How great is God — beyond our understanding! The number of his years is past finding out. — Job 36:26
We may search out the moment the first wave slapped on a shore or the first star burst in the sky, but we’ll never find the first moment when God was God, for there is no moment when God was not God. He has never not been, for He is eternal. God is not bound by time.
But when Jesus came to the earth, all this changed. He heard for the first time a phrase that was never used in Heaven: “Your time is up.” As a child, He had to leave the temple because His time was up. As a man, He had to leave His hometown of Nazareth because His time was up. And as a Savior, He had to die on the cross because His time was up. For thirty-three years, the stallion of Heaven lived in the corral of time.
That’s certainly remarkable, but there is something even more so.
You might think it was the fact that He lived in a body. One moment He was a boundless spirit; the next He was flesh and bones. Remember these words of King David?
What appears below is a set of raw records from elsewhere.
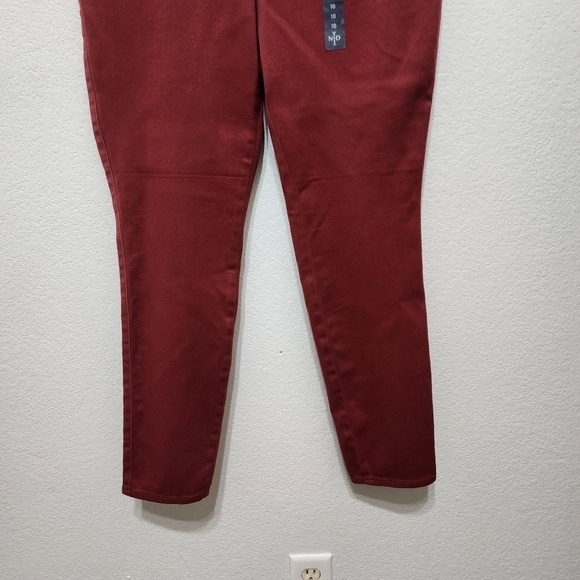 NWT NYDJ Rust Ami Skinny Legging Jeans Size 10 - Picture 6 of 9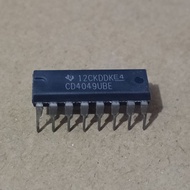 IC CD4049BE Original Texas IC CD 4049 Texas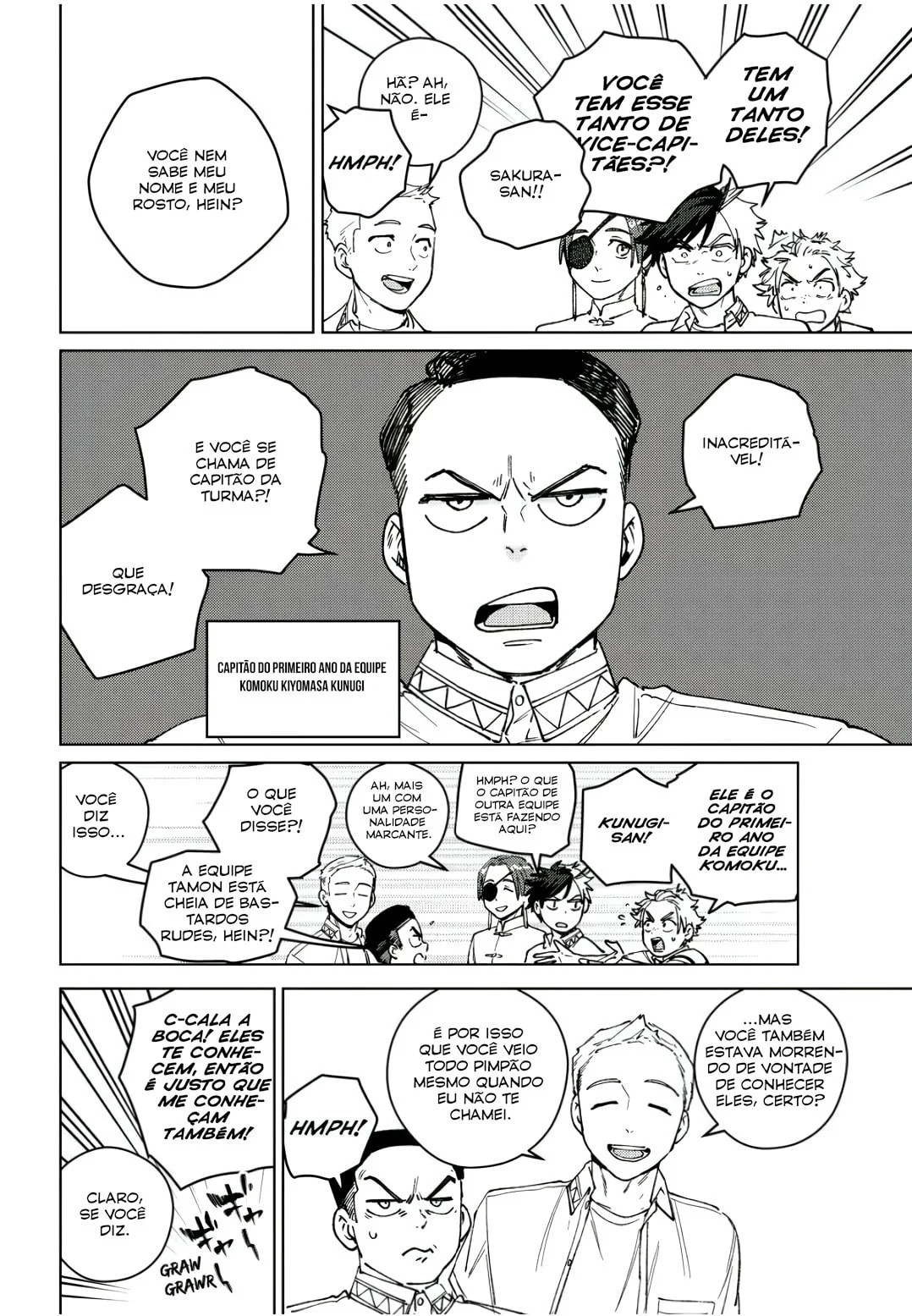 Read Wind Breaker PT Manga Online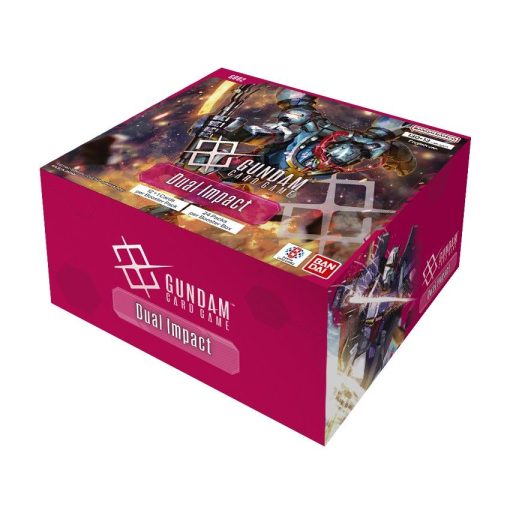 Gundam Card Game Gd02 Dual Impact Booster Box English Gundam Card Game Gd02 Dual Impact Booster Box English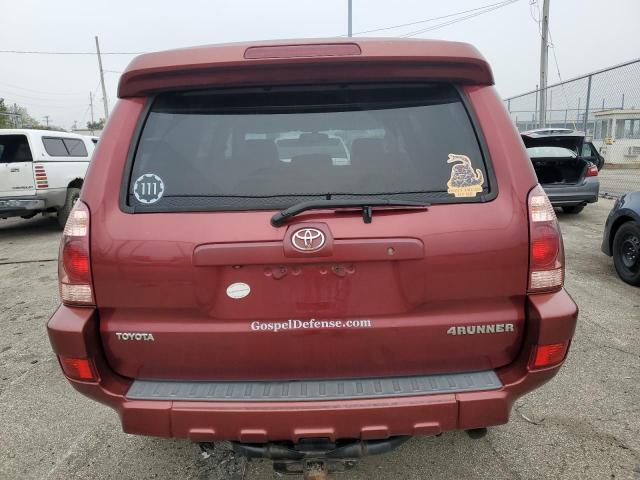Photo 6 from auction – 2005 TOYOTA 4RUNNER LI with VIN JTEBT17R658025757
Where can I go from Your Spirit? Where can I flee from Your presence? If I go up to the Heavens, You are there; if I make my bed in the depths, You are there. If I rise on the wings of the dawn, if I settle on the far side of the sea, even there Your hand will guide me, Your right hand will hold me fast. — Psalm 139:7–10
Our asking “Where is God?” is like a fish asking “Where is water?” or a bird asking “Where is air?” God is everywhere! Equally present in Peking and Peoria. As active in the lives of Icelanders as in the lives of Texans. The dominion of God is
from sea to sea and from the river to the ends of the earth. — Psalm 72:8
We cannot find a place where God is not.
Yet when God entered time and became a man, He who was boundless became bound. Imprisoned in flesh. Restricted by weary-prone muscles and eyelids. For more than three decades, His once limitless reach would be limited to the stretch of an arm, His speed checked to the pace of human feet.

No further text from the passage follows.